▸ RECORD EXTRACTS
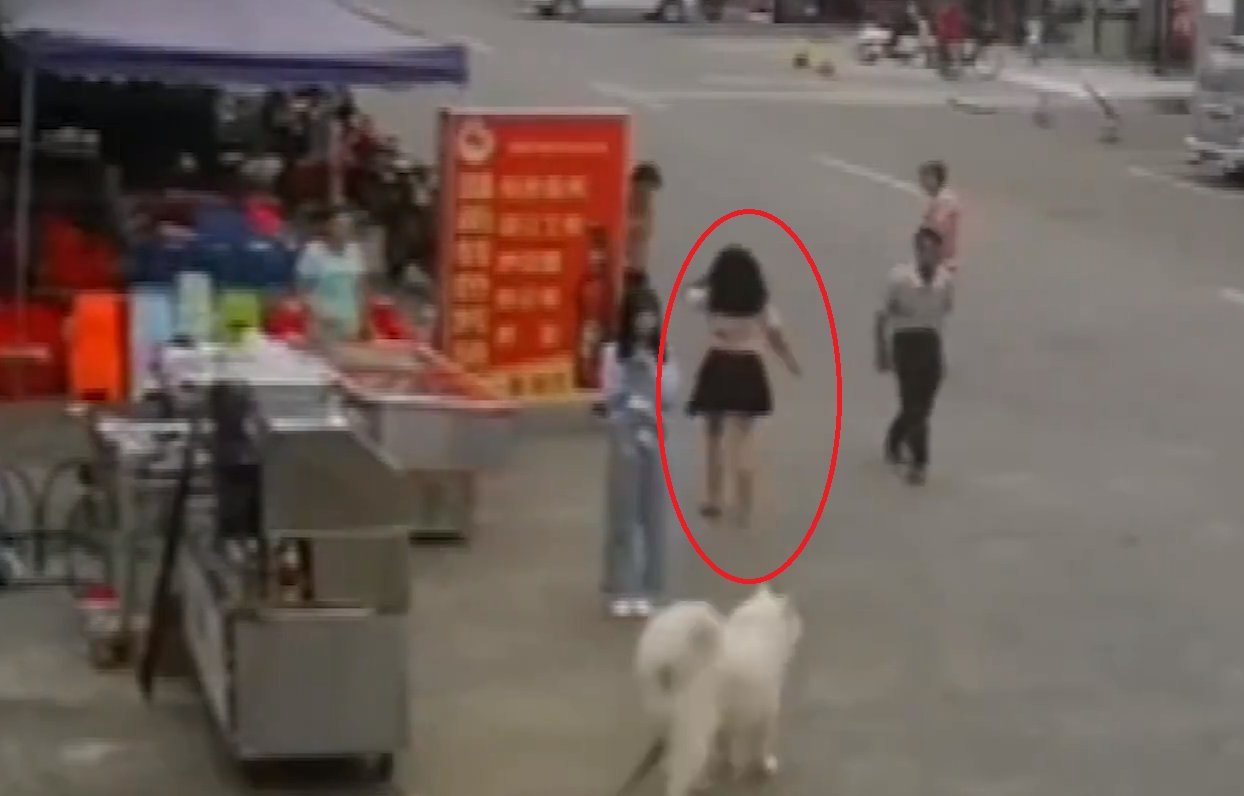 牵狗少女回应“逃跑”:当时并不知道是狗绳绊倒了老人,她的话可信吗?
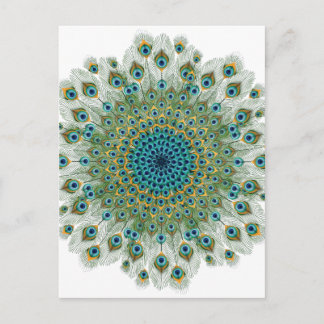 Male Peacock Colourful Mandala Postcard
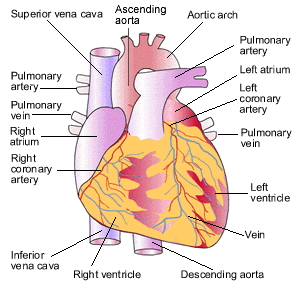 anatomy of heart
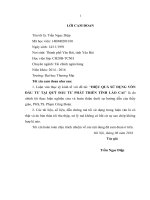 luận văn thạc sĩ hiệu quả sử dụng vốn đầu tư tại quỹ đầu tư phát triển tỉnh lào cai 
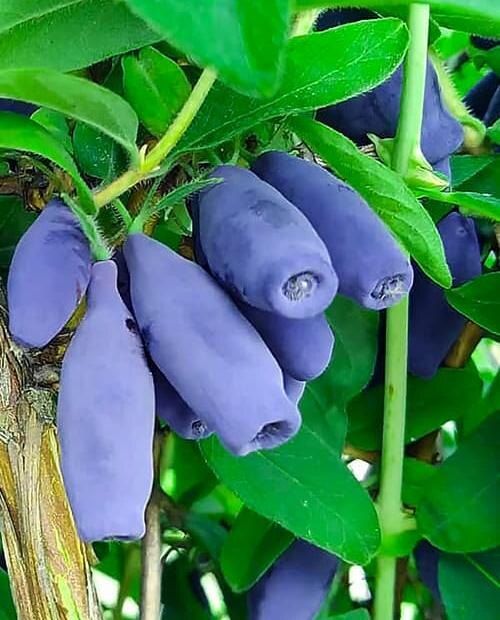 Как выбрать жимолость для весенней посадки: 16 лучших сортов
...
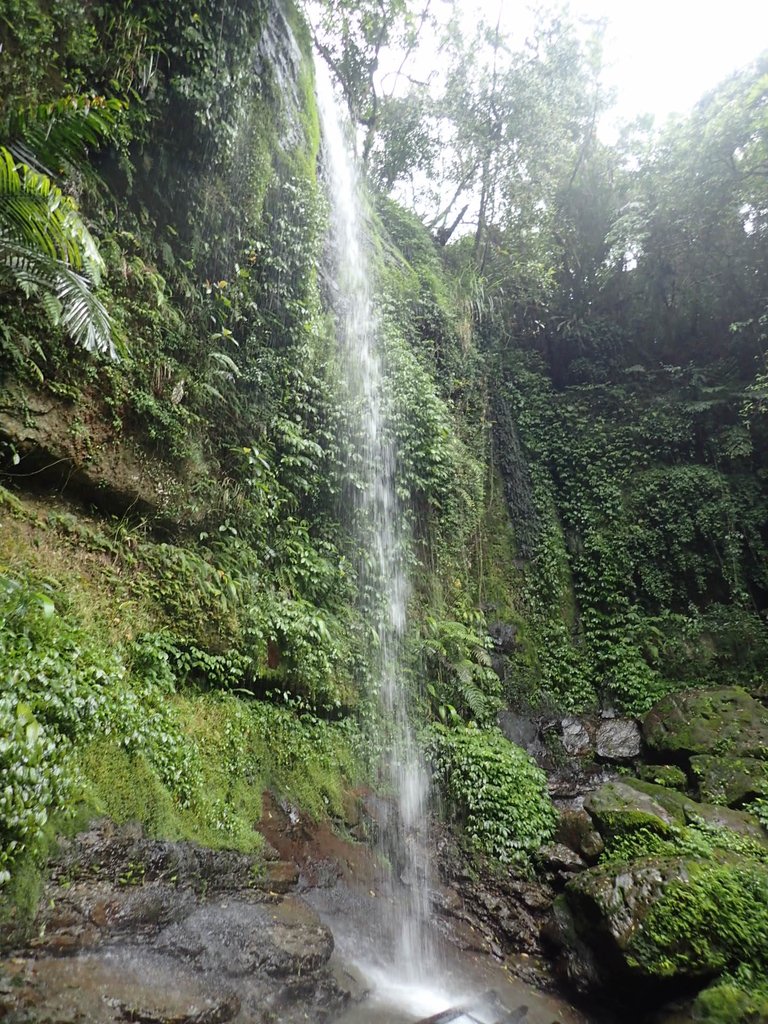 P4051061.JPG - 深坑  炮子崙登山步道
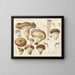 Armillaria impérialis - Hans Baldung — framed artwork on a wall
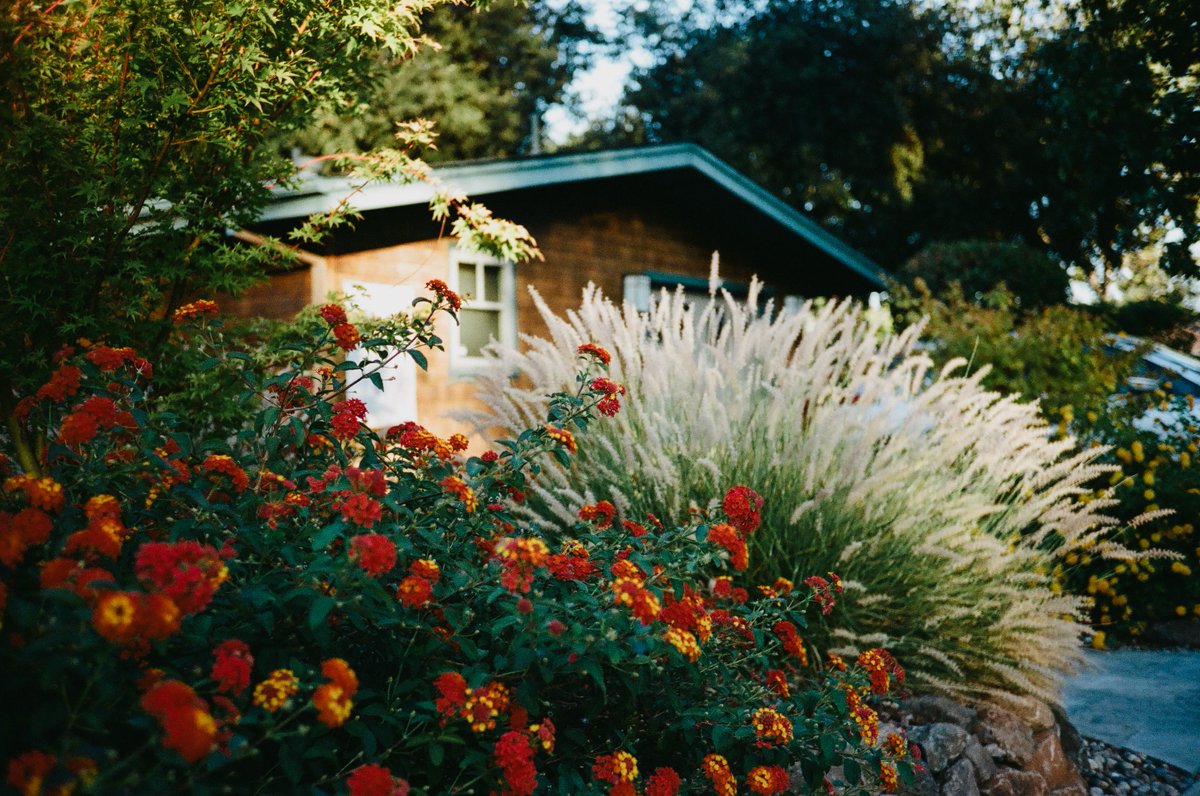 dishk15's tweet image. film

▸ EXERCISE OBJECTIVE
For this exercise, set down the lines in the entries above from the one with "luận văn thạc" through the one with "Как выбрать жимолость" exactly as written, without any pictures.

▸ EXERCISE ANSWER
 luận văn thạc sĩ hiệu quả sử dụng vốn đầu tư tại quỹ đầu tư phát triển tỉnh lào cai 
 Как выбрать жимолость для весенней посадки: 16 лучших сортов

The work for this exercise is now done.